The study, Internet Explorer and Firefox Vulnerability Analysis, is based on a comparison between the number and severity of security updates issued for IE and Firefox since the release of Firefox in November 2004.

In the three years since then, Microsoft has fixed 87 vulnerabilities in various flavours of IE while Mozilla has patched 199 vulnerabilities in Firefox products.

The report, compiled by Jeff Jones, a security strategy director in Microsoft's Trustworthy Computing group, also found IE scored fewer vulnerabilities than Firefox across all categories of severity.

Mozilla said Microsoft's comparison is, at best, meaningless.

"Just because dentists fix more teeth in America doesn't mean our teeth are worse than in Africa," Mike Shaver, chief evangelist for Mozilla told eWEEK. Shaver took particular exception at Microsoft's decision to equate a large number of bug fixes with insecure software.

"It's something you'd expect from maybe an undergrad," he said. "It's very disappointing to see somebody in a senior security position come out and say that because an organisation is more transparent about their bugs and fixing them, they're somehow less secure."

Shaver added that even taken on its own merits the comparison between IE and Firefox is potentially misleading because Redmond often bundles multiple fixes in a single update, a phenomenon repeated to an even greater extent with the release of service packs.

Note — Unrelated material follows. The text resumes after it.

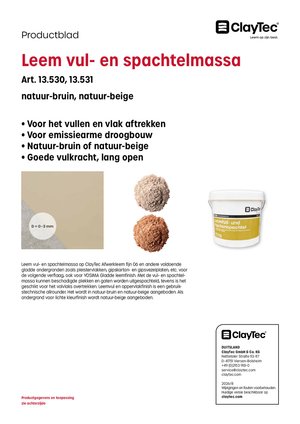 ClayTec Lehmfüll- und Flächenspachtel/Leem vul- en spachtelmassa (productblad)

Mozilla is putting an effort into encouraging users to update to the latest version of its software more quickly alongside greater emphasis on rapidly responding to security problems. Microsoft's efforts to suggest this is a bad thing are out of tune with the rest of the industry, Shaver argues.

"Shouldn't they be trying to fix more bugs, rather than writing reports that would 'punish' them for actively improving the security of their users rather than hoping that defects aren't found by someone who they can't keep quiet?"

"Microsoft should be embarrassed to be associated with this sort of ridiculous 'analysis'. We don't pretend that hiding the rate of fixes improves our users' security in any way, and we never will. We're transparent and aggressive in dealing with security issues, and 130 million Firefox users are safer for it every day," Shaver writes in a blog posting here.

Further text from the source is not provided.